Performance Considerations
Backreferences can cause the regex engine to do extra work because it must store and compare captured text. A few guidelines:
- Simple backreferences like
(.)\1for repeated characters are efficient - Long captured text with backreferences works fine but uses more memory
- Nested quantifiers with backreferences can potentially trigger excessive backtracking in edge cases
- When possible, use atomic alternatives such as character classes to avoid backreferences if the same logic can be expressed without them
// Using a backreference (works perfectly)
let doubled = /(.)\1/g;
// Without backreference (if you only need to detect doubled letters)
// Not possible with basic character classes (backreference is the right tool here)

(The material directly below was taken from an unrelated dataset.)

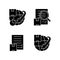 International delivery professional service black glyph icons set on white space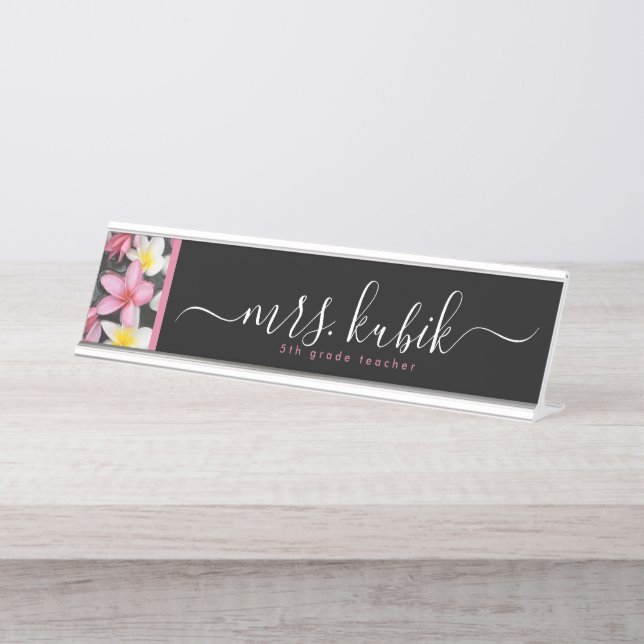 Pink Plumeria Hawaiian Teacher Desk Name Plate (Front)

For repeated word detection or paired delimiter matching, backreferences are the correct and efficient tool. There is no simpler alternative.
Summary
| Feature | Syntax | Example |
|---|---|---|
| Numbered backreference | \1, \2, etc. | (.)\1 matches "aa", "bb" |
| Named backreference | \k<name> | (?<ch>.)\k<ch> matches "aa" |
| In replacement string | $1, $<name> | "aa".replace(/(.)(\1)/, "$1") gives "a" |
| Unmatched group backreference | \1 | Matches empty string if group did not participate |
Key takeaways:
- Backreferences match the exact same text previously captured, not the same pattern
- Groups are numbered by the position of their opening parenthesis from left to right
- Named backreferences (
\k<name>) are more readable and resilient to pattern changes - The most common real-world uses are repeated word detection and paired delimiter matching
- Inside patterns use
\1, inside replacement strings use$1 - Non-capturing groups
(?:...)do not receive numbers and cannot be backreferenced
Backreferences bridge the gap between what regular languages can express and the practical text-matching problems developers face daily. Combined with named groups, they make complex patterns both powerful and readable.